It cannot be denied, however, that the soundest reasoning may fail to afford a basis for predicting the action of the Southern people. After the elections last fall it certainly seemed as if none but idiots would, in the situation of the Southern whites, refuse to accept the constitutional amendment as a basis of reconstruction. Yet they did so with comparative unanimity. And we presume that if they had a similar option under the Sherman statute they would reject it, even if they knew that worse terms would be imposed. But the new law gives them only the option between involuntary universal suffrage with military rule, and voluntary universal suffrage without military rule.

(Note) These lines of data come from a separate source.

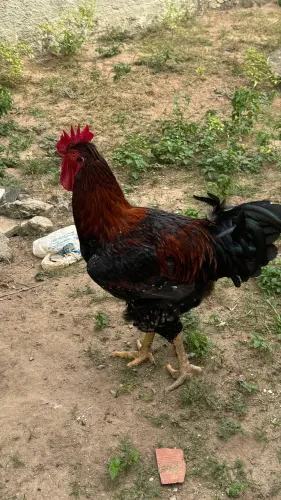 Galo e Galinha GSB 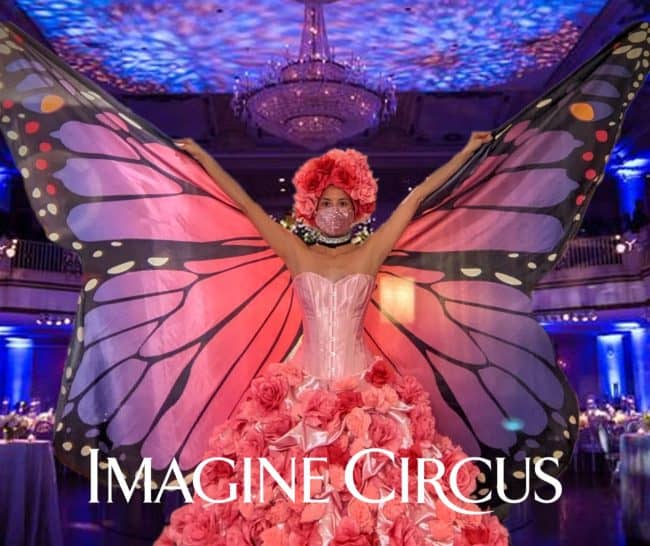 Pink & Purple Butterfly Isis Wings, Imagine Circus Entertainment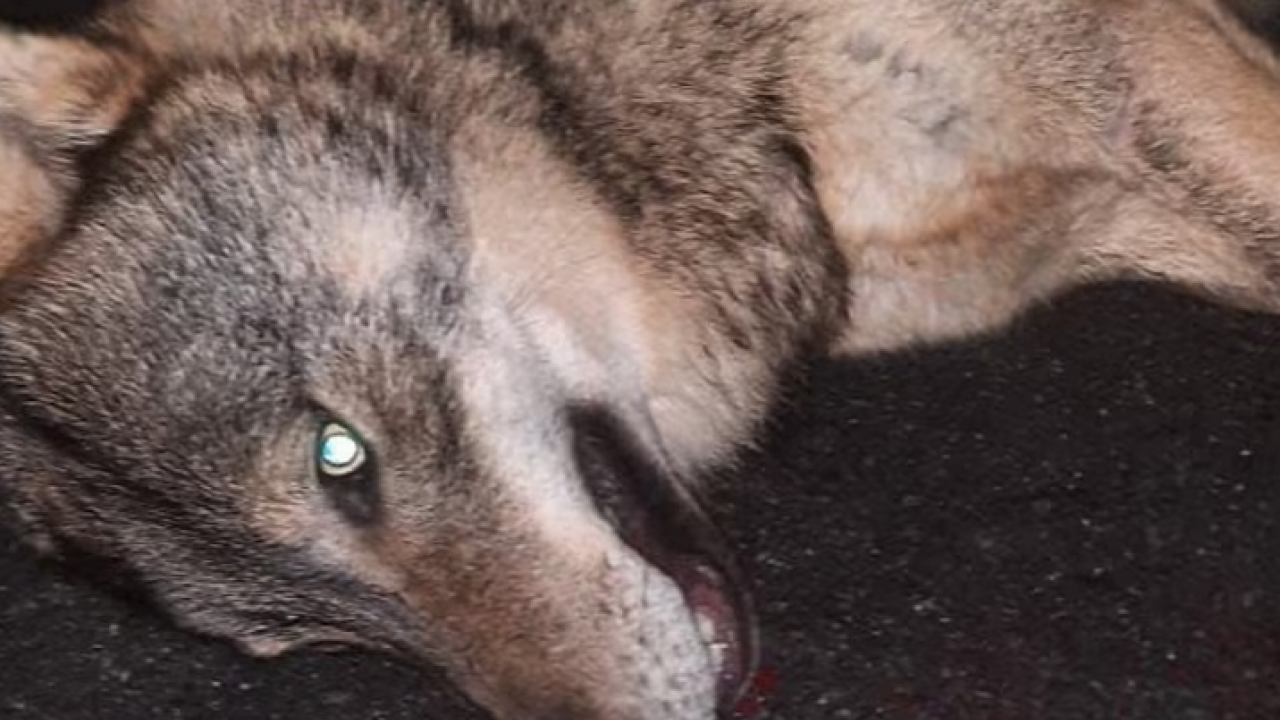 Im Obervinschgau getöteter Wolf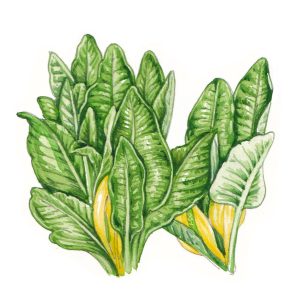 Skunk Cabbage habit drawing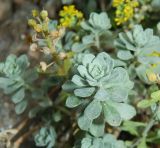 Odontarrhena obtusifolia. Листовая розетка и соплодие. Крым, Севастополь, Балаклава, склон к Балаклавской бухте, скалы. Июль 2019 г.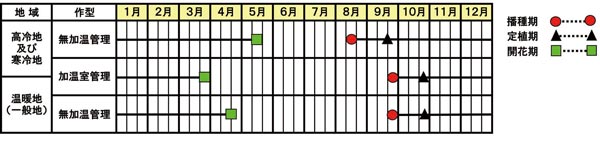 ラナンキュラス『ワンダーランドiQ』シリーズの作型図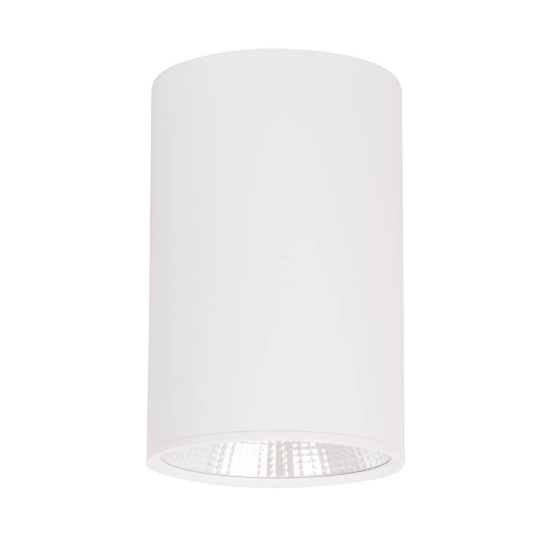 Imagine Spot Bart LED 18W IP20, alb, Erste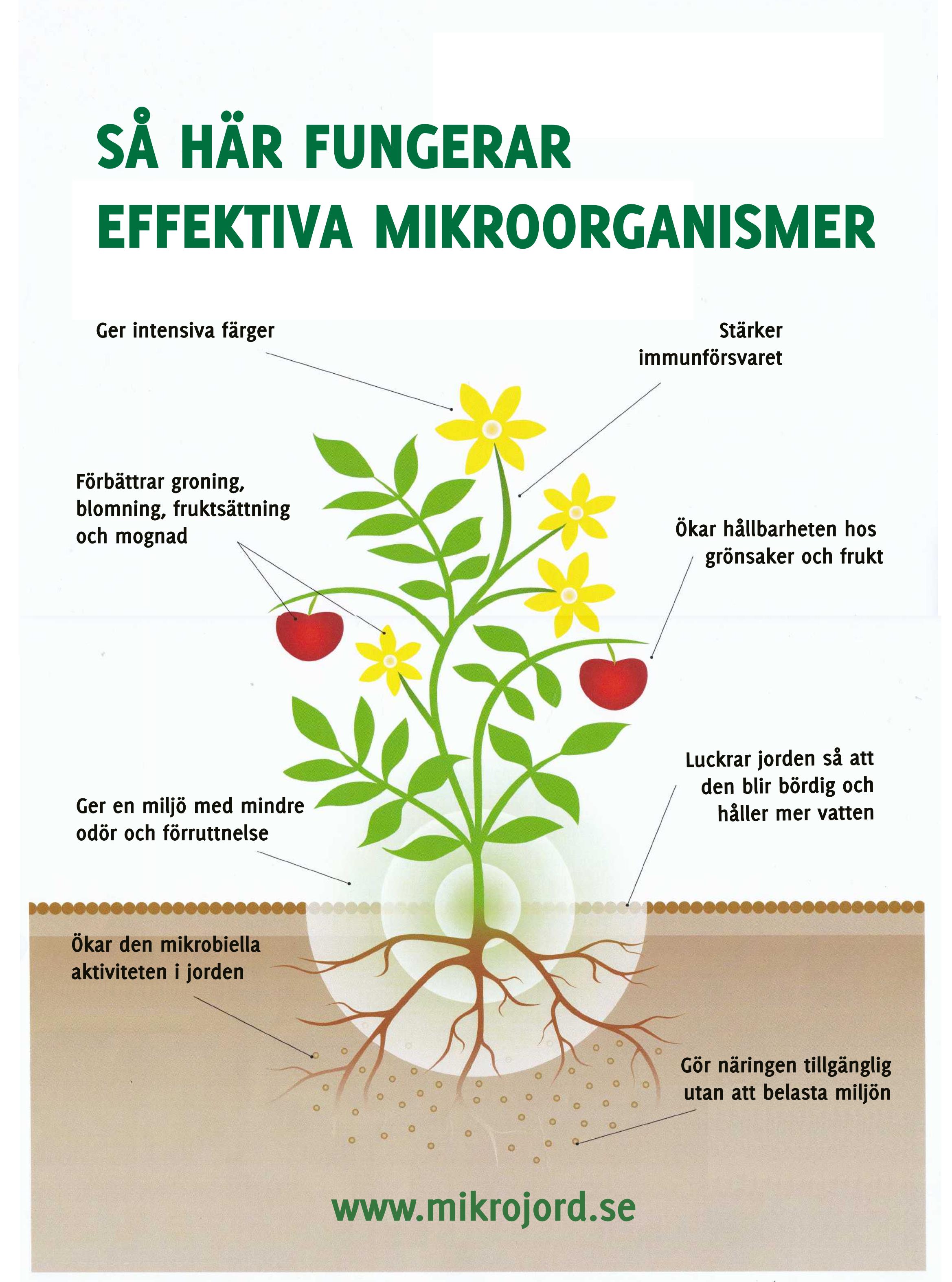 Verkan av Effektiva Mikroorganismer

This is, of course, upon the assumption that Mr. Johnson will execute the law in good faith. If he orders it to be set aside upon the first decision of a petty court against its validity, or if he repeats the let-alone policy adopted at the Alexandria election, the law will effect no good. But we think that he has too much sense of his own danger to make any such rash experiments on the forbearance of Congress.
Measures have been initiated in both Houses of Congress for the purpose of putting the machinery of reorganization in motion, under the direct supervision of the national authorities; and some measure of the kind will doubtless be enacted forthwith. This is clearly the proper method; and the only wonder is that so able a body as the late Committee of Fifteen should have so utterly failed in its duty as not to have reported such a bill at the last session. We rejoice, for the sake of all sections, North and South, that Congress has finally adopted the doctrine which we have steadily advocated, even when its success seemed hopeless, viz., that reconstruction should be immediate and compulsory, and not left to the choice of the insurrectionary population, either as to time or mode. Nothing could be more opposed to the theory of the Constitution than the let-alone policy which, while denying the validity of the de facto governments at the South, provided no means for the creation of legitimate governments. This false position, the result of timidity and distrust of the people, has been all along the weak point of the Radical policy. Its abandonment will give general satisfaction.

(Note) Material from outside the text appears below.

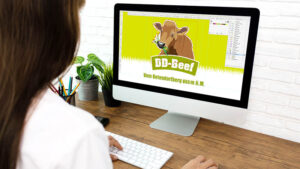 Firmenauftritt durch Grafikerin designt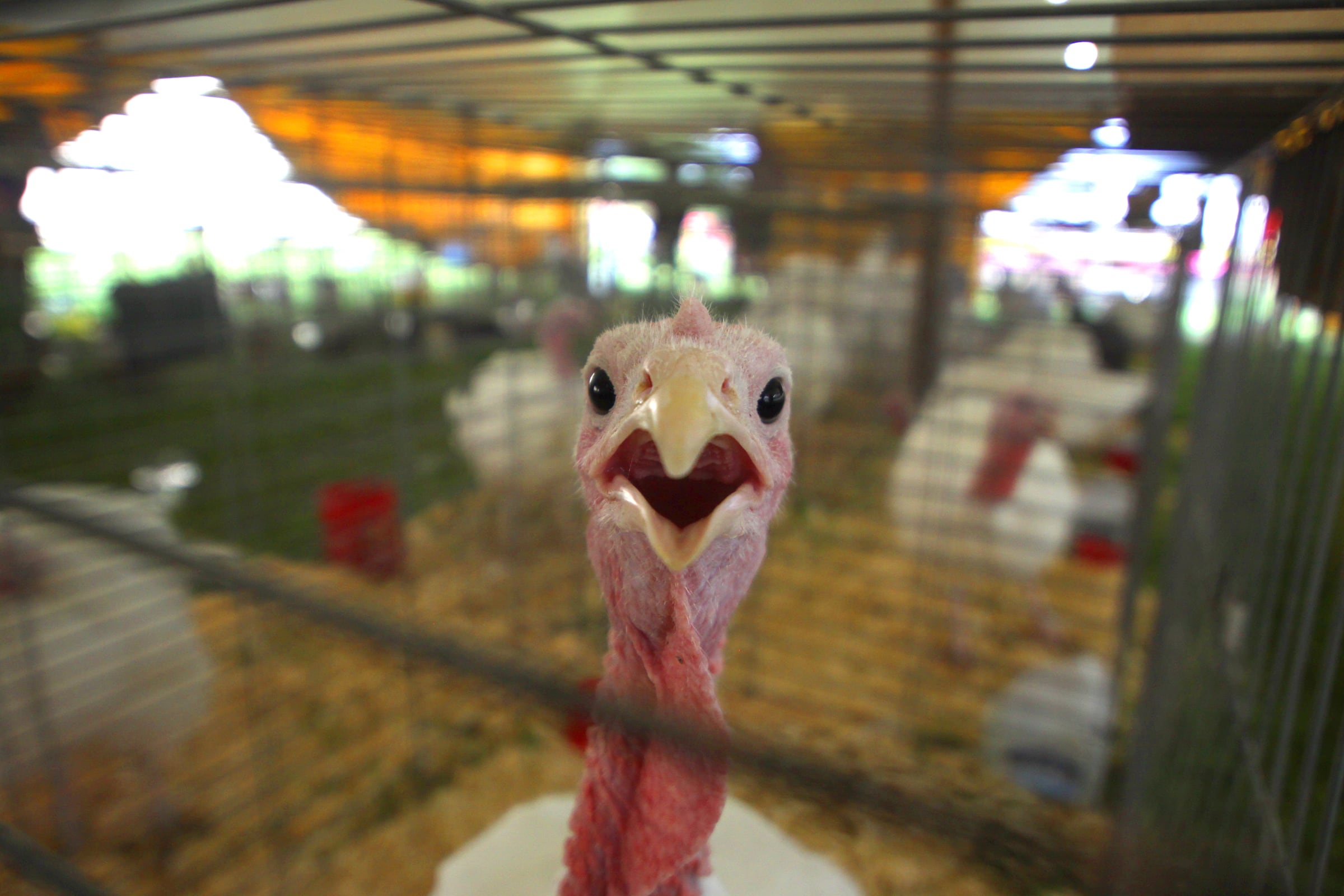 A turkey surveys the scene at the McHenry County Fair in Woodstock on Tuesday, July 30, 2024.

Under all the circumstances, there can be no doubt that nearly or quite all of the Southern States will be properly organized and reinstated in the Union within twelve or eighteen months from this time. The only question concerning our subject that really remains for solution in the future is as to the practical working of the new governments, and especially of universal suffrage.

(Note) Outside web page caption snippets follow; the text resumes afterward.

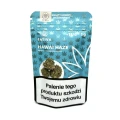 Sklep_Konopny_Sativa_Poland_Susz_Hawai_Haze_02.jpg
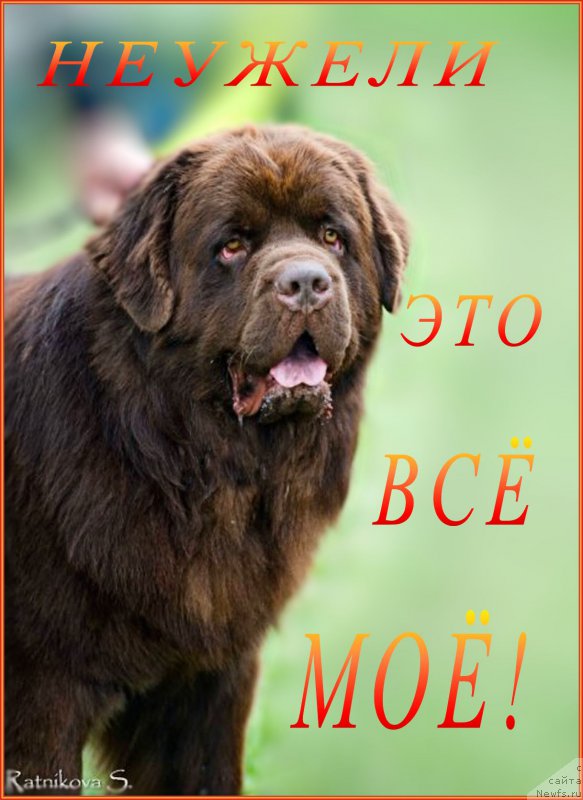 Фото: ньюфаундленд Charmer Denkam Bronze (Чармер Денкам Бронз)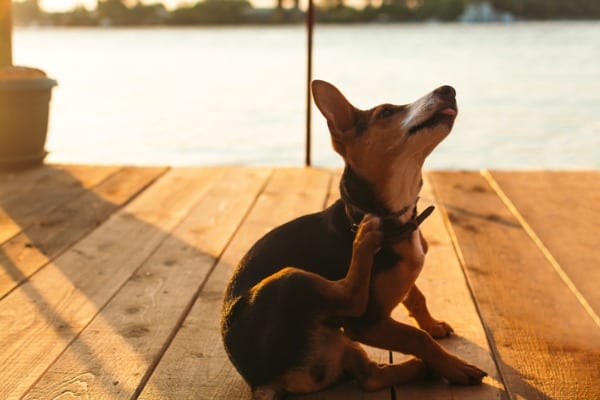 itchy dog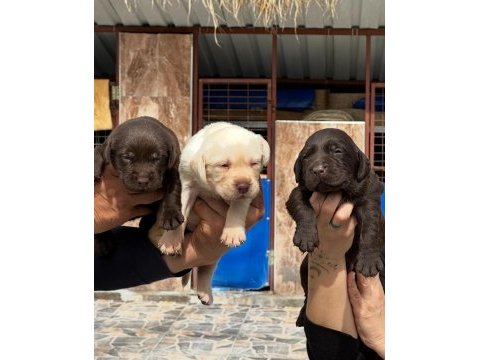 Labrador yavru köpekleri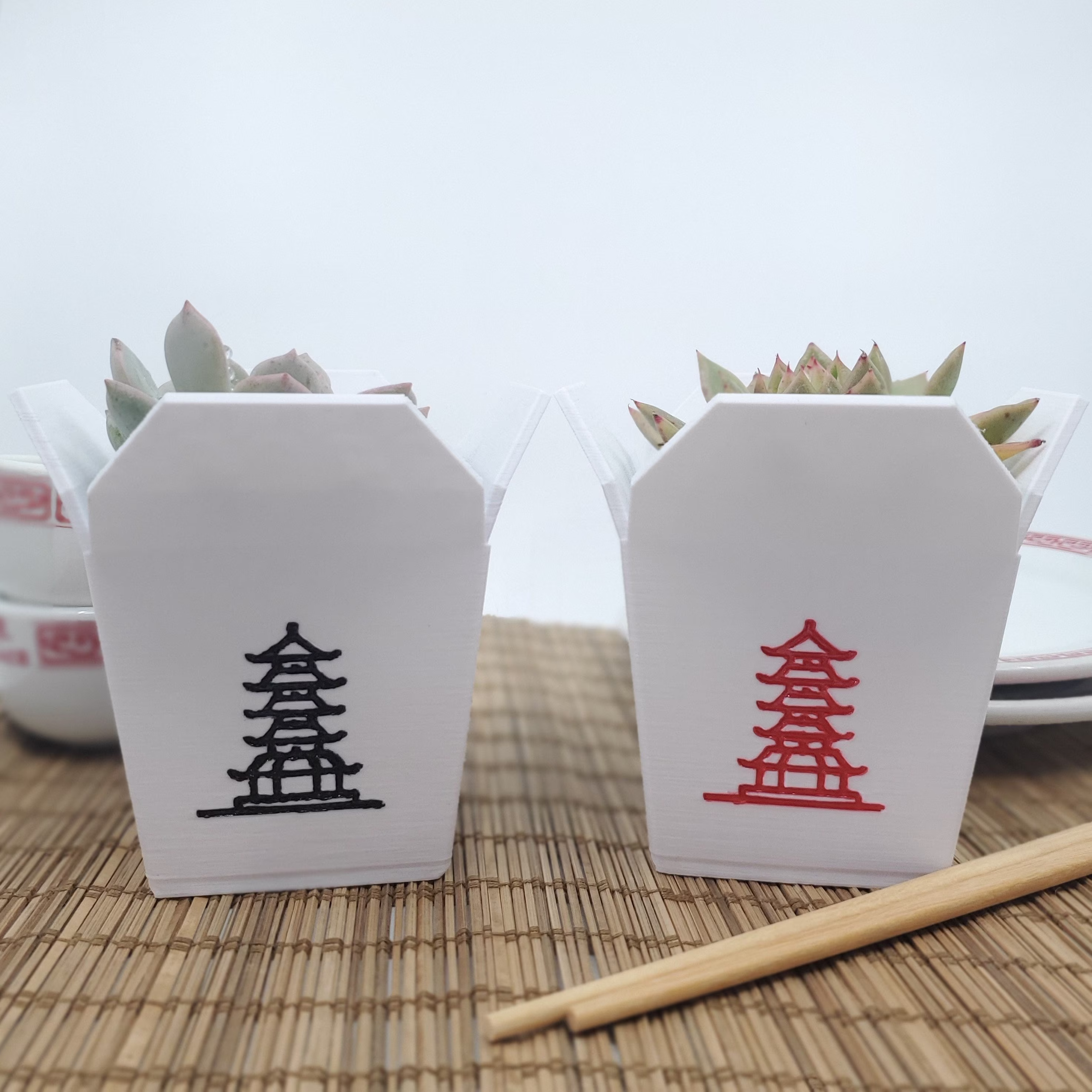 Large Chinese Takeout Planter, Hand Painted Indoor Succulent Pot, Garlic Keeper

It has been confidently asserted—and we have ourselves shared the apprehension—that the negroes, being confessedly ignorant, poor, and unorganized, would be surely controlled by their old masters when they came to vote. Of course there is much to be said upon that side; and, had universal suffrage been conceded in 1865, we think that such must have been the result in districts not fully garrisoned by national troops. But for nearly two years past urgent efforts have been made to introduce light among the colored people; and Northern men and women have steadily gained influence over them, while their Southern masters have, to a very large extent, thrown away whatever influence they may have had by their oppressive laws and obstinate resistance to the elevation of the colored race. Of this latter fact, the immense emigration of negroes from South Carolina and Georgia, and the loud complaints of planters in Louisiana and Texas, afford conclusive proof. The colored people have, moreover, organized themselves in every large town of the South, if not even more widely, during the last two years; and, with such assistance as their white allies will be prompt to give, they will be fully able to inform their brethren on plantations of the issues and the candidates. We therefore believe that the last hope of the disloyal will fail them, and that the colored voters will generally sustain candidates acceptable to the North.
No one can doubt that the complete restoration of the Southern States, freed from all their old inequalities and oppressions, will materially benefit the whole country. An impartial administration of justice will give new energy to the laborer; for who that has ever worked while in doubt of being paid (whether at mechanical or mental labor) has not felt the impossibility of putting forth all his energy and skill? Labor in the South has been performed for two centuries with a certainty of not being paid, and for the last two years in a total uncertainty upon that point. The lash, which formerly supplied a motive for drudging effort, has been latterly withdrawn, or at least has not come as promptly and surely as it was wont. What wonder is it that, with the accustomed terror removed, and no certain hope supplied, the labor system of the South has failed to produce the old results? But this defect will be thoroughly cured by a sound reconstruction, which will assure to all classes their rights. It will also remove from the white people the fear of confiscation and punishment, which now hampers the efforts of some of the most effective men at the South. It will take away the last element of uncertainty from our political future, and leave us free to enter upon plans of business without fear of political disturbances. On every ground, moral, political, and financial, we welcome the near approach of a perfect reunion of the States.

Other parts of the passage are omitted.